Under the weighted-score logistic model (WSLM), which is proposed by Jian, Dai, & Dai(2016). On the basis of the item emphases of the polytomously scored item, the WSLM model adds the weighted-score parameters into the dichotomous logistic model. Because of the dichotomous model have five forms at least. Similarly, the weighted-Score Logistic model also have four forms, including the one-parameter weighted-Score Logistic model, the two-parameter weighted-Score Logistic model, the three-parameter weighted-Score Logistic model including c parameter, the three-parameter weighted-Score Logistic model including γ parameter, the four-parameter weighted-Score Logistic model.
There are response disturbances such as random guessing, carelessness, transcription error in the educational tests. In the paper and pencil testes or computerized adaptive testing, the aberrant responses such as careless errors and lucky guesses would cause significant ability estimation biases in the past researches. Mislevy & Bock (1982) proposed the Biweight estimator, and made comparison between the Biweight estimator and maximum likelihood estimator. Results showed that the Biweight estimator could typically reduce Biases, thereby dispel measurement disturbances. And three-parameter Logistic IRT model and four parameter Logistic IRT model, Huber robust estimation, and the other methods have therefore been proposed to address the response disturbance, including random guessing, carelessness, etc..

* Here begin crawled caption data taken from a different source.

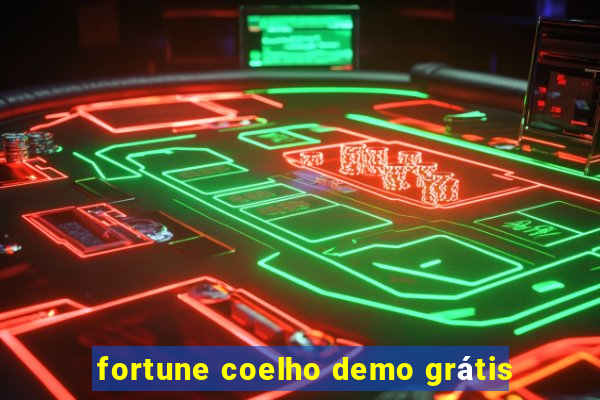 fortune coelho demo grátis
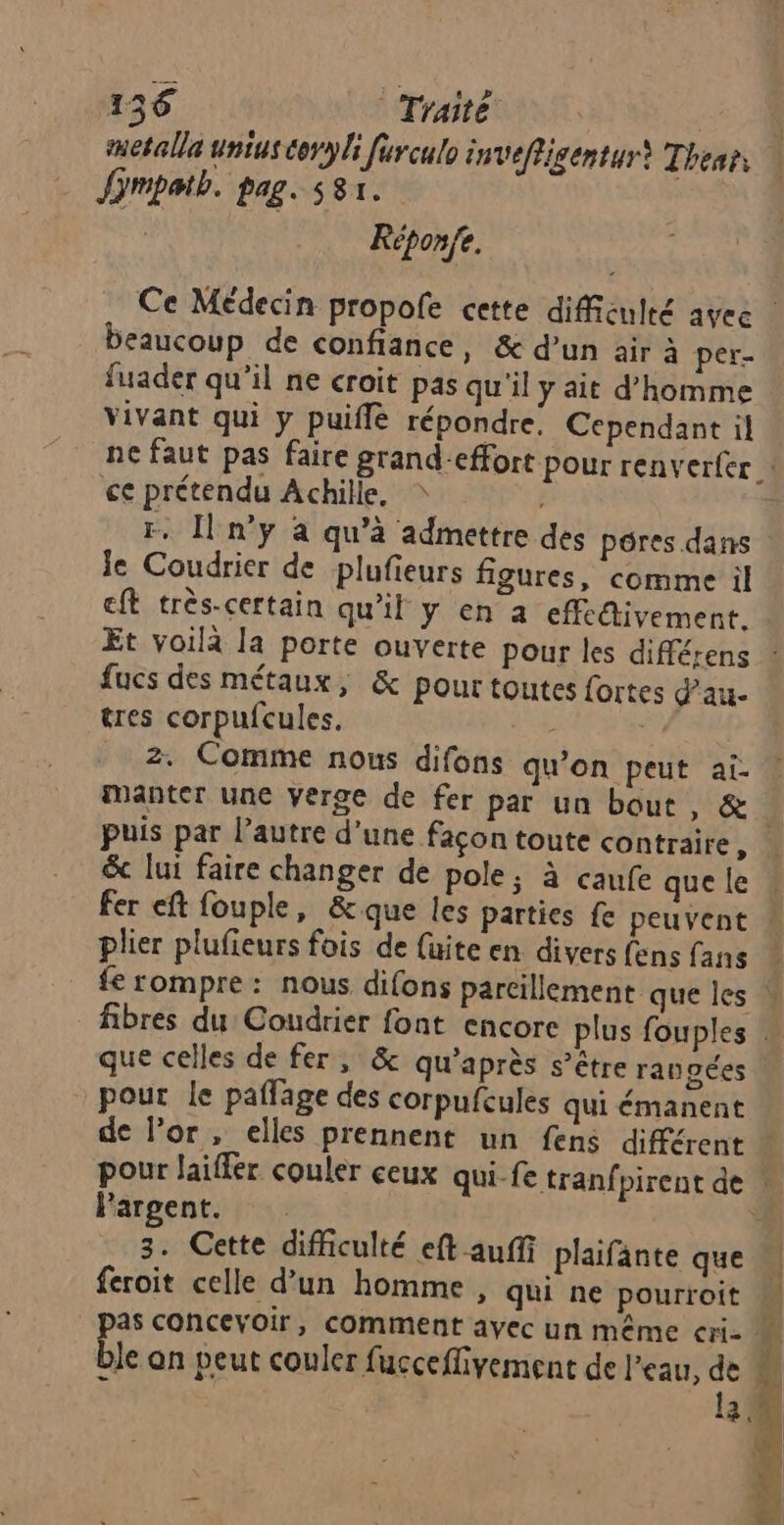 metalla unius toryli furculo inveffigentur) Thear, ù Jimpatb. pag. s81. | Réponfe. Ce Médecin propofe cette diffiéulté avec beaucoup de confiance, & d’un air à per- fuader qu’il ne croit pas qu'il y ait d'homme vivant qui y puiflé répondre: Cependant il ne faut pas faire grand-effort pour renverfer ce prétendu Achille, r. [n'y à qu'à admettre des pores dans ie Coudrier de plufieurs figures, comme il ft très-certain qu'il y en a effedivement. Et voilà la porte ouverte pour les différens ” fucs des métaux, & pour toutes fortes dau- tres corpufcules. - PL 2. Comme nous difons qu’on peut ai- manter une verge de fer par un bout, & puis par l’autre d’une façon toute contraire, & lui faire changer de pole; à caufe que le fer eft fouple, &que les parties fe peuvent : plier plufieurs fois de (uite en divers fens fans | fe rompre : nous difons parcillement que les W fibres du Coudrier font encore plus fouples que celles de fer, & qu'après s’être rangées pour le paffage des corpufcules qui émanent de Por, elles prennent un fens différent * pour laiffer couler ceux qui-fe tranf pirent de ! Pargent. 3. Cette difficulté eft auffi plaifänte que feroit celle d’un homme , qui ne pourroit 4 as concevoir, comment ayec un même cri M ble on peut couler fucceflivement de l'eau, # 4 3 4 _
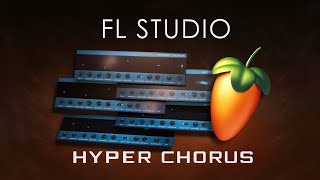 FL STUDIO  Hyper Chorus [upl. by Dnumyar928]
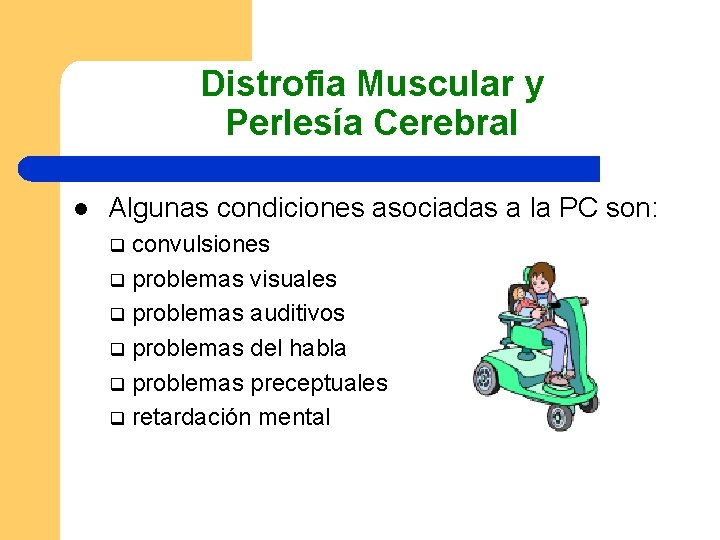Distrofia Muscular y Perlesía Cerebral l Algunas condiciones asociadas a la PC son: convulsiones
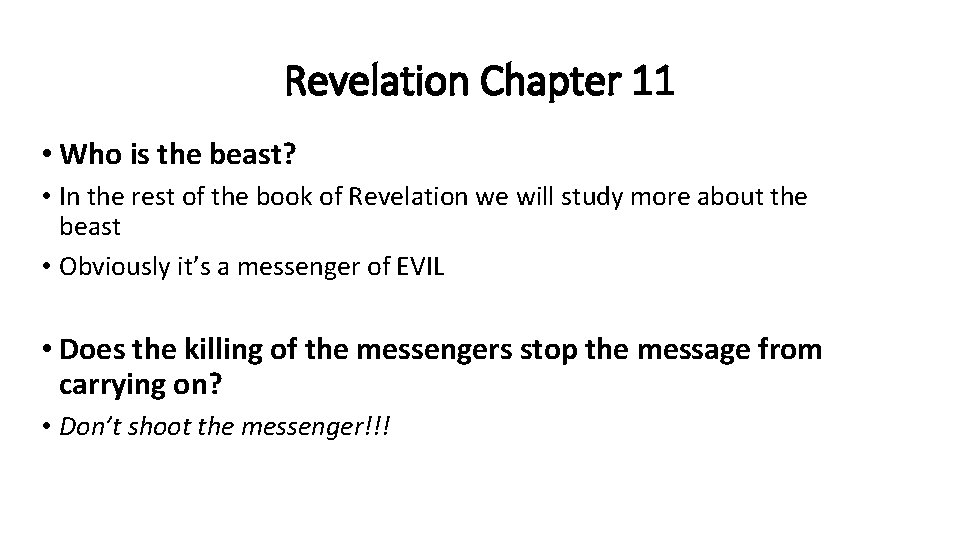 Revelation Chapter 11 • Who is the beast? • In the rest of the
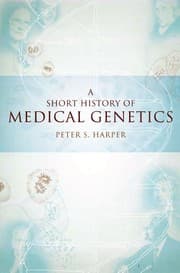 Tapa de A Short History of Medical Genetics (Oxford Monographs on Medical Genetics Book 57)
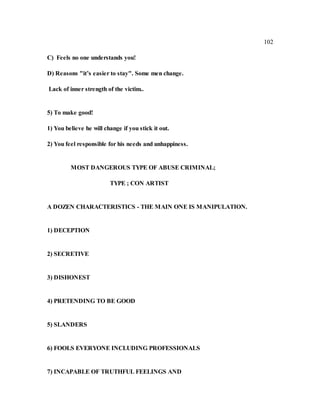 102
C) Feels no one understands you!
D) Reasons "it’s easier to stay". Some men change.
Lack of inner strength of the victim..
5) To make good!
1) You believe he will change if you stick it out.
2) You feel responsible for his needs and unhappiness.
MOST DANGEROUS TYPE OF ABUSE CRIMINAL;
TYPE ; CON ARTIST
A DOZEN CHARACTERISTICS - THE MAIN ONE IS MANIPULATION.
1) DECEPTION
2) SECRETIVE
3) DISHONEST
4) PRETENDING TO BE GOOD
5) SLANDERS
6) FOOLS EVERYONE INCLUDING PROFESSIONALS
7) INCAPABLE OF TRUTHFUL FEELINGS AND
 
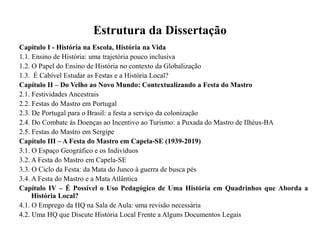 Estrutura da Dissertação
Capítulo I - História na Escola, História na Vida
1.1. Ensino de História: uma trajetória pouco inclusiva
1.2. O Papel do Ensino de História no contexto da Globalização
1.3. É Cabível Estudar as Festas e a História Local?
Capítulo II – Do Velho ao Novo Mundo: Contextualizando a Festa do Mastro
2.1. Festividades Ancestrais
2.2. Festas do Mastro em Portugal
2.3. De Portugal para o Brasil: a festa a serviço da colonização
2.4. Do Combate às Doenças ao Incentivo ao Turismo: a Puxada do Mastro de Ilhéus-BA
2.5. Festas do Mastro em Sergipe
Capítulo III – A Festa do Mastro em Capela-SE (1939-2019)
3.1. O Espaço Geográfico e os Indivíduos
3.2. A Festa do Mastro em Capela-SE
3.3. O Ciclo da Festa: da Mata do Junco à guerra de busca pés
3.4. A Festa do Mastro e a Mata Atlântica
Capítulo IV – É Possível o Uso Pedagógico de Uma História em Quadrinhos que Aborda a
História Local?
4.1. O Emprego da HQ na Sala de Aula: uma revisão necessária
4.2. Uma HQ que Discute História Local Frente a Alguns Documentos Legais
 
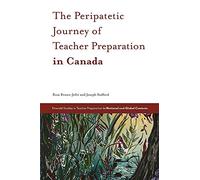 The Peripatetic Journey Of Teacher Preparation In Canada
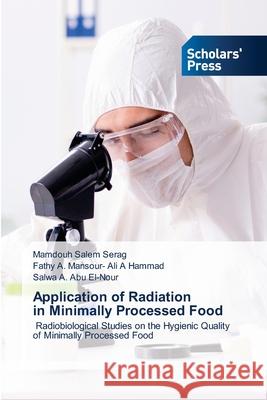 Application of Radiation in Minimally Processed Food Mamdouh Salem Serag Fathy A. Mansour- Al Salwa A. Ab 9786138944263 Scholars' Press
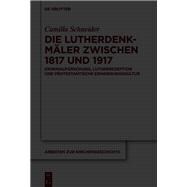 Die Lutherdenkmäler zwischen 1817 und 1917 9783111054391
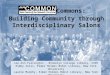 COMMON     Commons :  Building  Community through Interdisciplinary  Salons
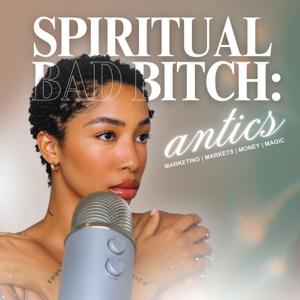 Spiritual Bad Bitch: Antics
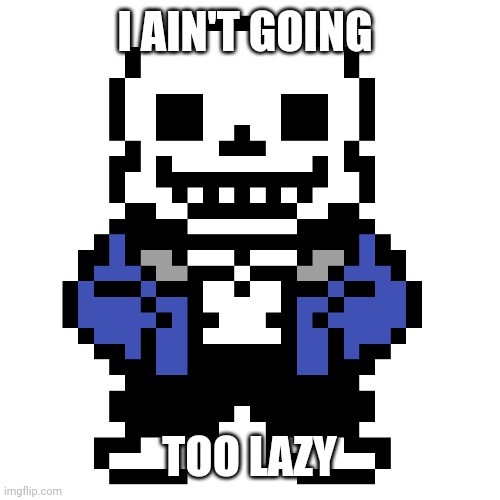 Transparent Sans | I AIN'T GOING TOO LAZY | image tagged in transparent sans | made w/ Imgflip meme maker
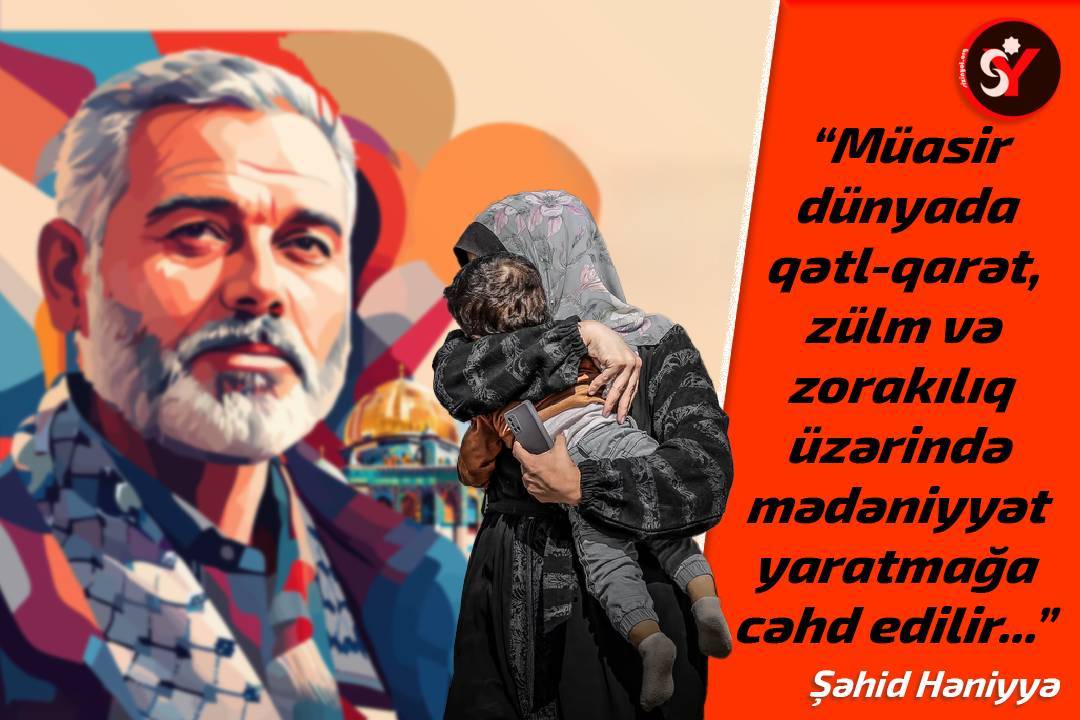 Müasir dünyada qətl-qarət, zülm və zorakılıq üzərində mədəniyyət yaratmağa cəhd edilir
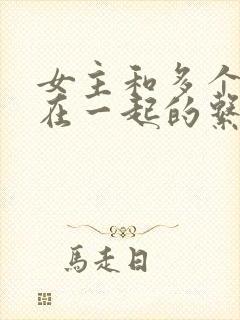 女主和多个男主在一起的系统小说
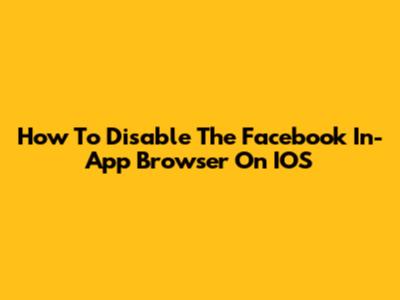 How To Disable The Facebook In-App Browser On IOS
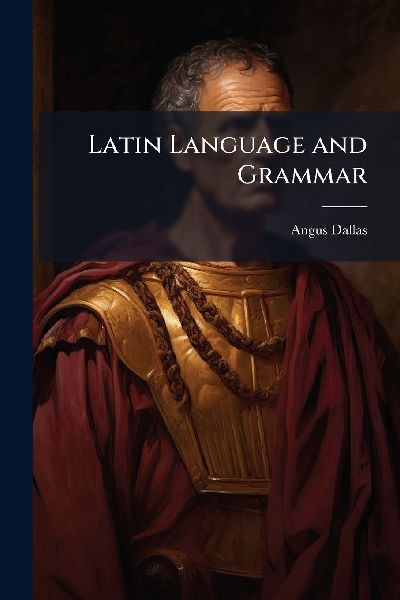 Latin Language and Grammar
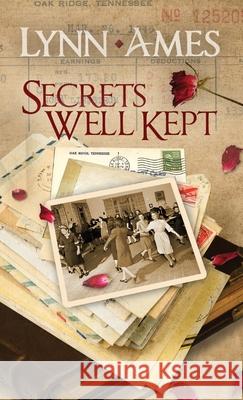 Secrets Well Kept Lynn Ames 9781936429226 Phoenix Rising Press - książka
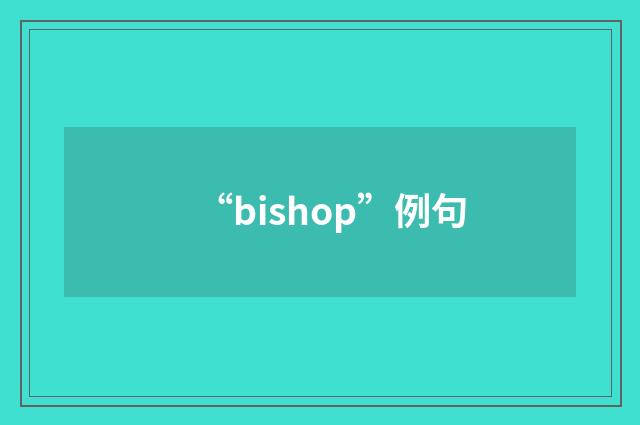 “bishop”例句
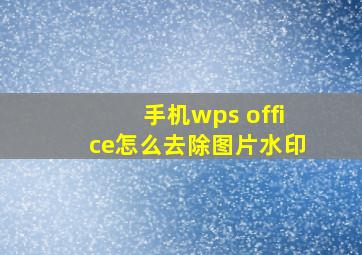 手机wps office怎么去除图片水印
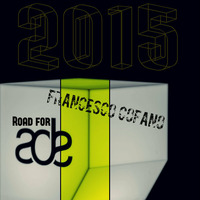 Francesco Cofano - Road for ADE 2015 Mixtape by Francesco Cofano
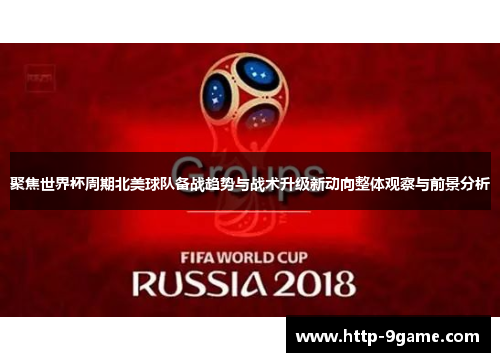 聚焦世界杯周期北美球队备战趋势与战术升级新动向整体观察与前景分析 聚焦世界杯周期北美球队备战趋势与战术升级新动向整体观察与前景分析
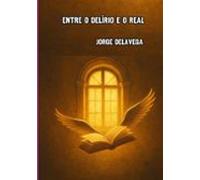 Entre O Delírio E O Real (ebook)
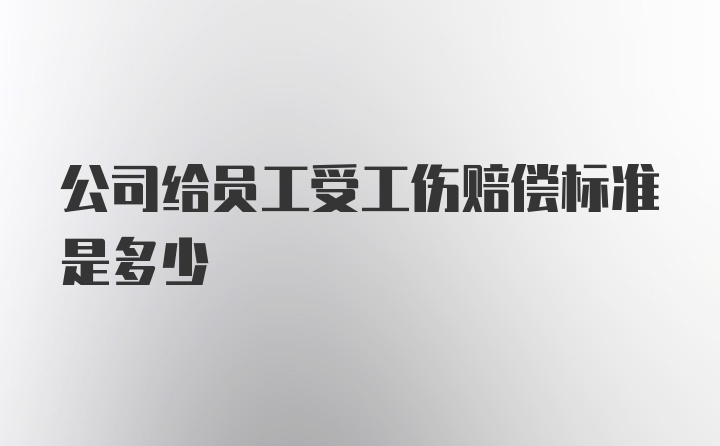 公司给员工受工伤赔偿标准是多少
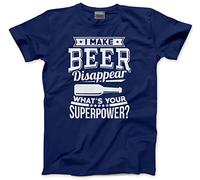 I Make Beer Disappear What's Your Superpower? Men's Unisex T-Shirt - Navy Large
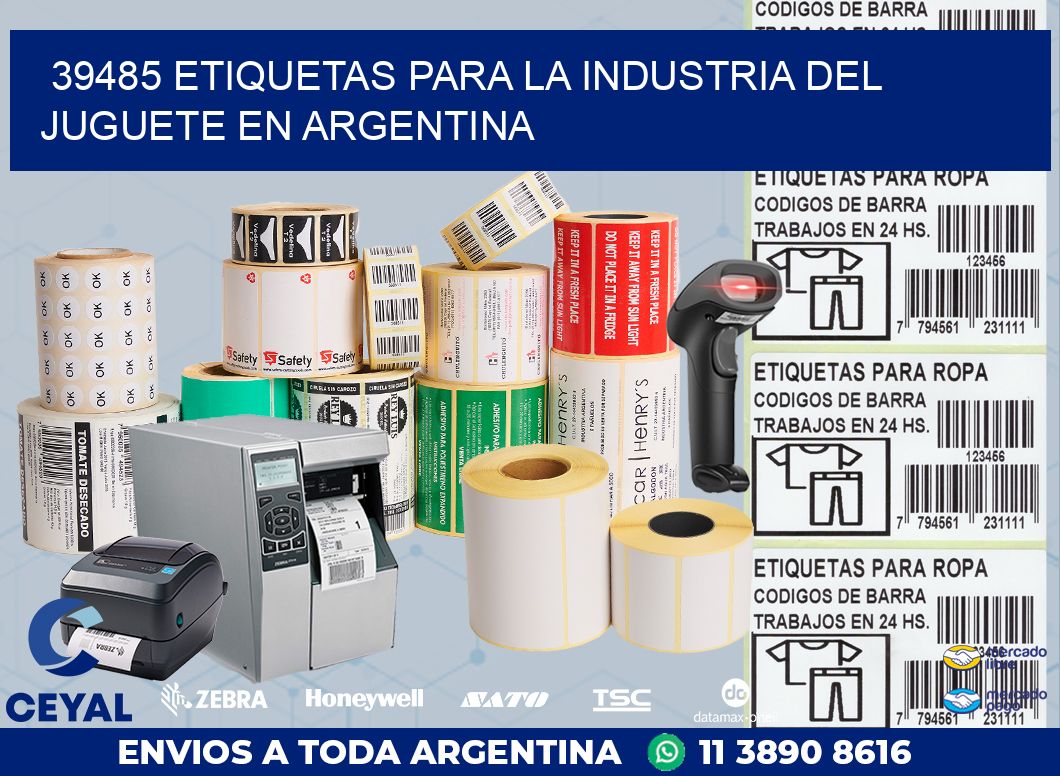 39485 ETIQUETAS PARA LA INDUSTRIA DEL JUGUETE EN ARGENTINA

The paper comparisons the four models to robustify ability estimates by an example of a test. The four models compared including two-parameter WSLM, three-parameter WSLM contains c parameter, three-parameter WSLM contains γ parameter, four-parameter WSLM. Second, three simulation studies in three test cases are presented respectively, with the aim of comparing four approaches, including 2PM-MLE, Biweight estimation, Huber estimation, 4PM-Robust estimation. The hypothetical test instrument contains 34 items, with difficulty thresholds b~ N(0,1), and log (a) ~ N(0,1). The 35th item with difficulty thresholds range from -4.0 to 4.0. The ability of the middle-ability examinee is estimated by the responses on the 34 items of the basic test under two-parameter logistic model, and the ability estimation is seen as the reference value for the other three models.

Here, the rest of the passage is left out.